Le basculement du fait religieux en France

Source [letelegramme.fr] « Décrochage » du catholicisme, progression des « sans religions », essor de certaines croyances, brouillage des frontières : l’époque est marquée par plusieurs « reconfigurations » du religieux, affirment deux sociologues, dressant un portrait détaillé de la France de 2021 dans ce domaine.

Jean-Paul Willaime et Philippe Portier, respectivement directeur d’études émérite et directeur d’études à l’École pratique des hautes études, auteurs de « La religion dans la France contemporaine » (Armand Colin, 2021) expliquent combien « la façon d’être religieux, ou de ne pas l’être », a littéralement changé depuis quatre décennies.

Trois tendances fortes

Fait déjà connu, ils notent une « très forte "décatholicisation" de la société ». En 1981, 70 % des Français se disaient catholiques mais ils ne sont plus que 32 % actuellement, rappellent-ils, se basant sur les enquêtes européennes EV

Ils observent aussi une importante croissance des personnes se déclarant « sans religion » : les « sans religion indifférents », qui sont 37 % (contre 18 % en 1981), et les « athées convaincus », qui représentent 21 % (9 % en 1981).
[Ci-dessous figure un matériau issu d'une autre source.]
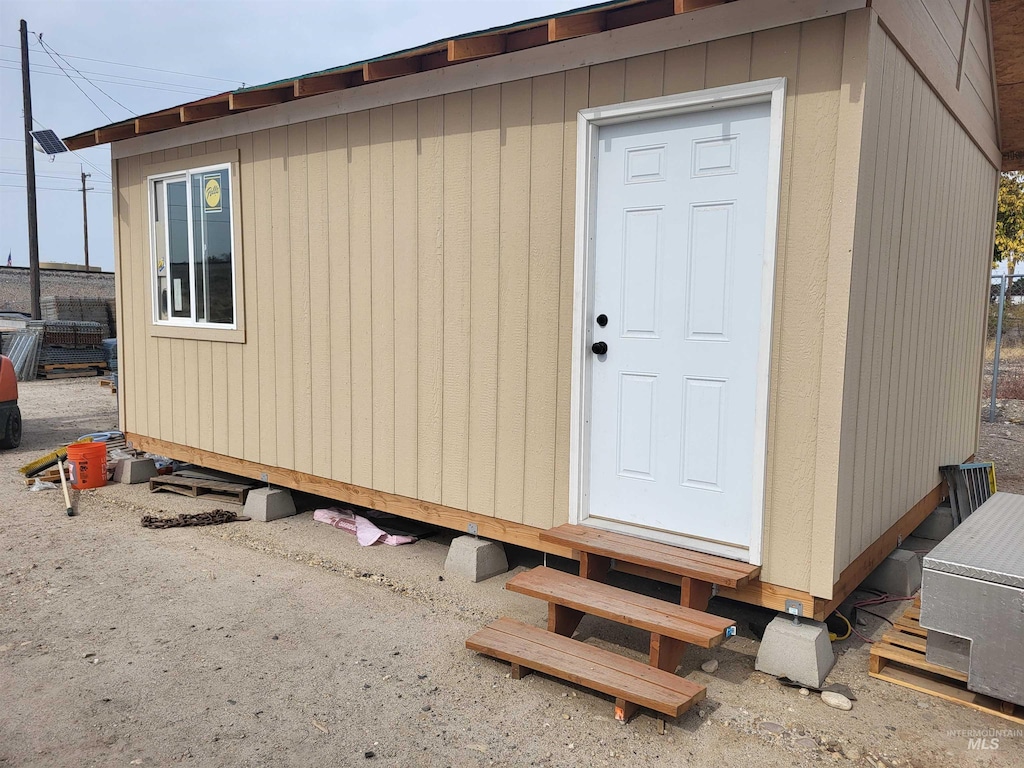 720 N Sugar St, Nampa, ID 83687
Autre constat : la catégorie des autres religions (musulmans, protestants, juifs, etc.), progresse fortement, passant, en 70 ans, de 2 % à 10 % de la société. Une augmentation principalement due à la croissance du nombre de personnes se disant musulmanes (6 %) ou protestantes évangéliques (2 %).

Des « microminorités » religieuses ont aussi connu une forte hausse : on compte 155 000 Témoins de Jéhovah (contre 10 000 à la fin des années 1950) et 38 000 mormons (contre 1 000).
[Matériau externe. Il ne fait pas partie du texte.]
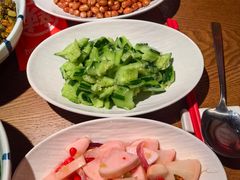 -辣得叫湘菜(四明店)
Au total, 36 % des Français se déclarent pratiquants réguliers et irréguliers, « soit plus du tiers de la population, ce n’est pas rien », estiment les auteurs.

« Pick and Collect »

Appartenance, croyance en un Dieu : les frontières peuvent être floues.
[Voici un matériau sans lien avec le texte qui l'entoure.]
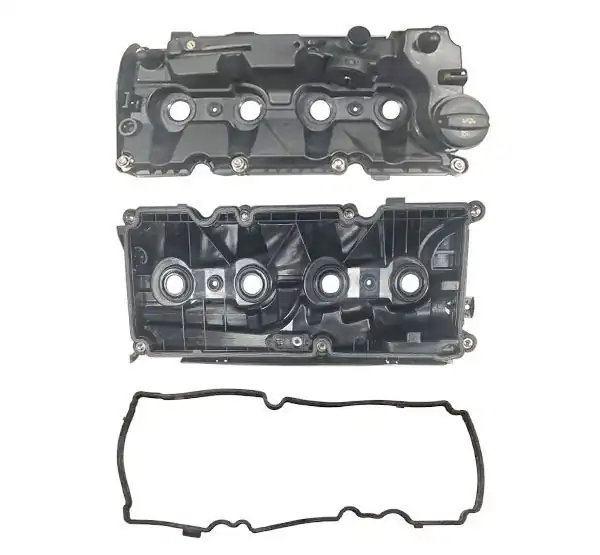 MGA 43190 | Külbütör Kapağı VW Golf 13 17 Audi A3 13 20 Seat Leon 13 20 Skoda Octavia 13 17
Les sans religion indifférents sont parfois agnostiques et en quête de spiritualité. Vingt-cinq pour cent d’entre eux disent croire en un Dieu…

D’un autre côté, 20 % de ceux qui se disent catholiques ne croient pas en Dieu. Cette appartenance sans croyance ni pratique correspond à « un catholicisme culturel ou d’héritage », expliquent les auteurs, dans leur livre.

Dans les deux cas, « on observe des attitudes de doute, de "probabilisme" (il est probable que Dieu n’existe pas/qu’il existe). Les croyants ont un rapport plus distancié vis-à-vis de la foi ; les sans religion ne rejettent pas nécessairement tout ce qui est métaphysique », souligne Philippe Portier.

« Les religions sont devenues impuissantes à édicter la norme, à imposer quoi que ce soit à une société profondément sécularisée. »

Autre exemple de cette « évolution dans la façon d’être religieux » : le bouddhisme (600 000 adeptes). « On n’appartient pas au bouddhisme comme on appartient au catholicisme », relève Jean-Paul Willaime. « C’est plus une méditation, une invitation à trouver la paix en soi ».

Il y a une « dimension "pick and collect", je suis en recherche, je suis en doute sur ma croyance, je prends, et, le dimanche suivant, je vais à un autre culte… », explique Philippe Portier. « Une personne qui suit une session bouddhique peut se retrouver, deux dimanches plus tard, à une messe catholique. »

Courants opposés

« Hier, le religieux était très lié à des institutions qui "donnaient la vérité" ». Aujourd’hui, il est de plus en plus "désinstitutionnalisé", laissant les individus choisir leur propre chemin spirituel », affirment les sociologues.

Ce chemin peut prendre la forme du courant « libéral », comme on le voit dans le judaïsme libéral incarné notamment par des femmes rabbins, ou, en islam avec le positionnement de femmes imames. Il y a là « une recherche de réinvention des traditions religieuses », souligne Jean-Paul Willaime.

Mais ce chemin peut aussi être « intégraliste, néo-orthodoxe », même s’il reste très minoritaire. Ce sont les catholiques identitaires, une partie du protestantisme évangélique, les juifs ultra-orthodoxes, l’islam fondamentaliste. « C’est une spiritualité de combat, de différenciation, d’affirmations de certitudes », selon les chercheurs.